Yo soy dos y estoy en cada uno de los dos por completo. Claro que a San Agustín se le podía perdonar tamaña extravagancia sobre sí mismo porque había escrito muchas otras reflexiones notables sobre el mundo. No sobre las mujeres, como es sabido. Aún así. Pero, ¿qué obra han dejado tras de sí Trinidad Jiménez o Celestino Corbacho para que les disculpemos que pongan en práctica la definición agustiniana? En la afirmación del padre de la Iglesia, intérpretes posteriores han querido adivinar un síntoma de esquizofrenia. En nuestros dos ministros, ni eso. En realidad no son dos; están en dos lugares al mismo tiempo exclusivamente con el objetivo de obtener ventajas políticas.

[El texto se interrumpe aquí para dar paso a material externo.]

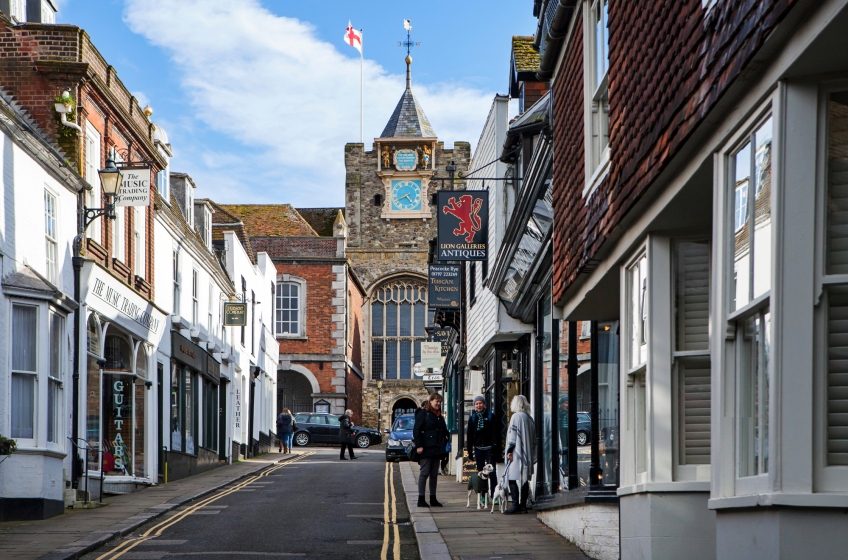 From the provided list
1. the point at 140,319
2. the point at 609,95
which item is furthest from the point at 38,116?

Dicen que Corbacho está quemado como ministro de Trabajo. Y dicen también que es Zapatero quien le retiene hasta después de la huelga general de fin de mes para que el probable incendio no queme a nadie más en el Gobierno. Pero cuando uno se va, se va. Si Corbacho se queda es porque, a pesar de todo, la visibilidad mediática de un ministro es incomparablemente mayor, para lo malo y para lo bueno, que la del número tres de una lista electoral. Si no fuera así, y pensara que su hoja de servicios como ministro podría perjudicar sus posibilidades electorales, habría anunciado su candidatura justo en el momento en que cesara como miembro del ejecutivo. El caso de Jiménez es aún más claro. Ella sabe que sólo tiene posibilidades de ganar a su compañero de partido Tomás Goméz si explota hasta el último segundo la proyección pública que le procura su cargo ministerial. Además de la enormes ayuda que recibe de la dirección federal, desde la que se ha emprendido una guerra sucia contra el secretario general madrileño ("es el candidato de la derecha") que desnuda a quien la sostiene.
Al final, ni son dos, ni probablemente estarán en ninguno de los dos lugares al final del viaje que han emprendido. Pero habrán escrito otra ominosa página en la historia del oportunismo político.